In this study, three remarkable insights emerged.
Retirement accounts are growing.
“Overall, the average account balance increased at a compound annual average growth rate of 15.5 percent from 2010 to 2014,” stated the EBRI website, creating an average account balance of $130,493 for plan participants.
Especially when you stick to the plan.
At the end of 2014, average account balance among consistent participants was 1.7 times the average account balance among all 24.9 million participants in the EBRI/ICI 401(k) database. In addition, those who participated consistently (again, on the same plan over all four years), had a median balance that was over three times that of their peers.
As one would expect, 401k account balances tend to increase with age and job tenure. In fact, among consistent participants, over 40% of plan participants have balances of over $100,000 in their retirement accounts with their current employers. Nearly 25% have account balances over $200,000.

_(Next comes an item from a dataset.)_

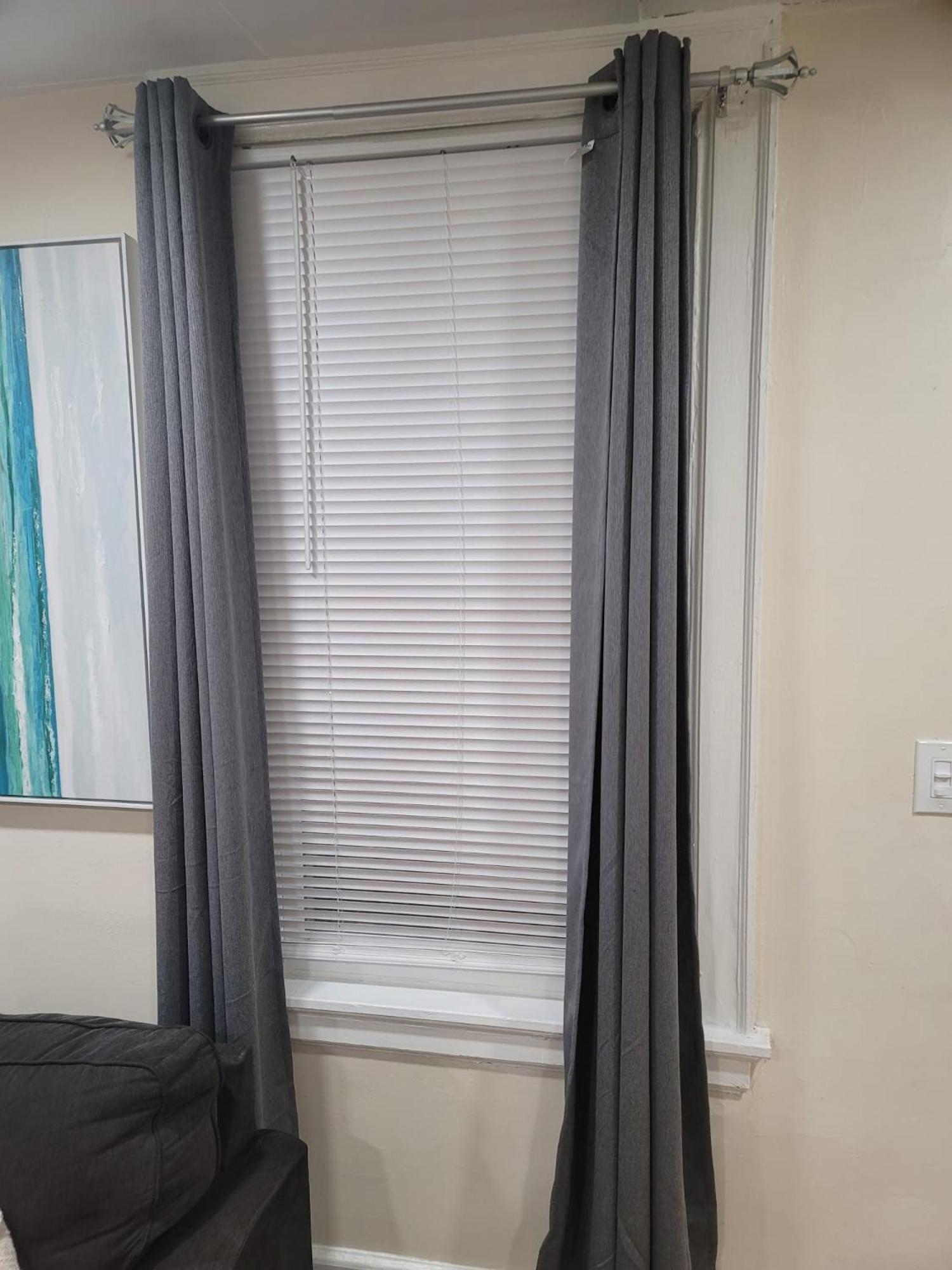 Z & Z Apartment Newark Bagian luar foto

Even when the plan is the same.
The study also revealed that the asset allocation of the consistent participants was “broadly similar” to the larger group. At the end of 2014, almost two-thirds of all participants’ assets were invested in equity securities, including company stock, equity funds, the equity portion of target-date funds, or the equity portion of non-target-date balanced funds. The study also found that older 401(k) participants tended to have lower concentrations in equities than their younger counterparts.
What does it all mean? For one, it’s great news for employers and employees alike. Employers who showcase the benefits of consistent participation and contribution can leverage the information to increase employment tenure. And employees who see the benefit of increased retirement benefits may see additional value in pursuing career goals within a company structure to improve their overall net worth.